The case of Oriol Junqueras is equally startling. Moreover, it has an added European dimension that may prove to be the undoing of the Spanish State’s rule of lawfare strategy. The ins and outs of the case have been discussed widely over the last few weeks, including elsewhere on this blog, following the judgement of the Court of Justice of the European Union (CJEU) of 19 December that recognised Mr Junqueras’ status as MEP. The European Parliament also recognised this status, until its president, David Sassoli, made a volte-face last Friday, stating that the Parliament no longer recognised Mr Junqueras as an MEP because a final judgement had been issued against him by the supreme court of a Member State. The Spanish Supreme Court had informed the European Parliament that it did not consider Mr Junqueras an MEP due to its final judgement of 14 October. It is the custom of the European Parliament to unquestioningly accept such final judgements. This custom may change.

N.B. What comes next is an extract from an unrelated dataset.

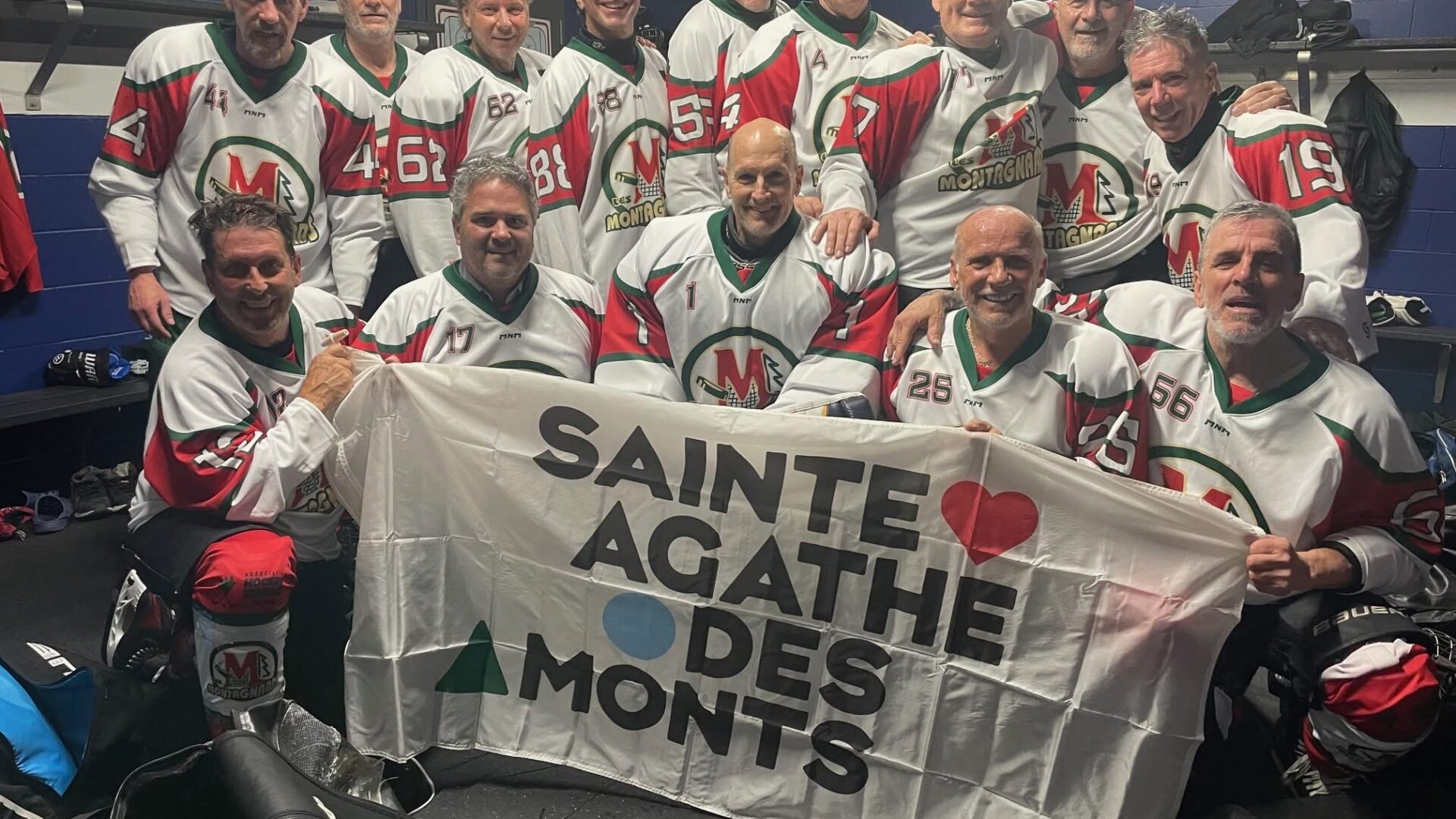 L’équipe des Montagnards séniors en compagnie du maire de Sainte-Agathe-des-Monts, Frédéric Broué.
(Photo gracieuseté)
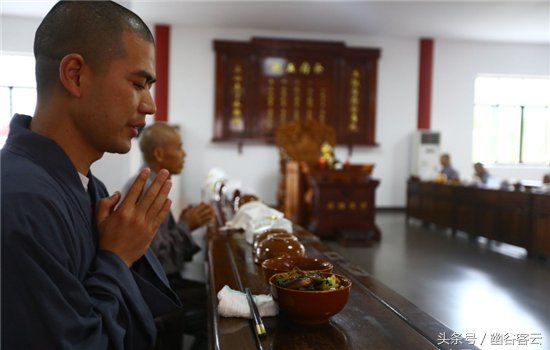 看完老挝和尚的伙食，再看看中国僧人的伙食，差距有点夸张了!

The decision of the European Parliament is clearly unacceptable. The only way that Spain’s Supreme Court could issue a final judgement against Oriol Junqueras was by not waiting for the preliminary ruling of the CJEU, a ruling which the Supreme Court itself had requested. If the Supreme Court had waited for this preliminary ruling (the entire purpose of the ruling being to clear up the Supreme Court’s doubts before it issued its own judgement), then it would have known that it was not in a position to issue any judgment against Mr Junqueras and that, instead, it would have to ask the European Parliament to waive his immunity in order to continue proceedings against him. Mr Junqueras has not been subjected to the rule of law but rather to the rule of lawfare. An appeal before the General Court of the European Union (EGC) against Mr Sassoli’s decision is inevitable, if the European Parliament itself does not overrule the decision of its president. The EGC is a constituent court of the CJEU. Does the CJEU feel that its judgement has been complied with by Spain and by the European Parliament? The press release by the court’s president tweeted this week offers some clues:
“Those responses — and I am thinking here in particular of those which seek to preserve the rule of law and protect fundamental rights — are a responsibility shared by all, Member States and EU institutions.
In this context the Commission has a major role to play as ‘guardian of the Treaties’, which enables it to seek from the Court a declaration that a Member State has failed to fulfil obligations or the imposition of penalties in the event of non-compliance with a judgement of the Court.”
The rule of law or the rule of lawfare? Which one will prevail? If it is the latter, the very foundations of the European Union will be shaken. The damage may be irreparable. The Catalan conflict is now a very European affair.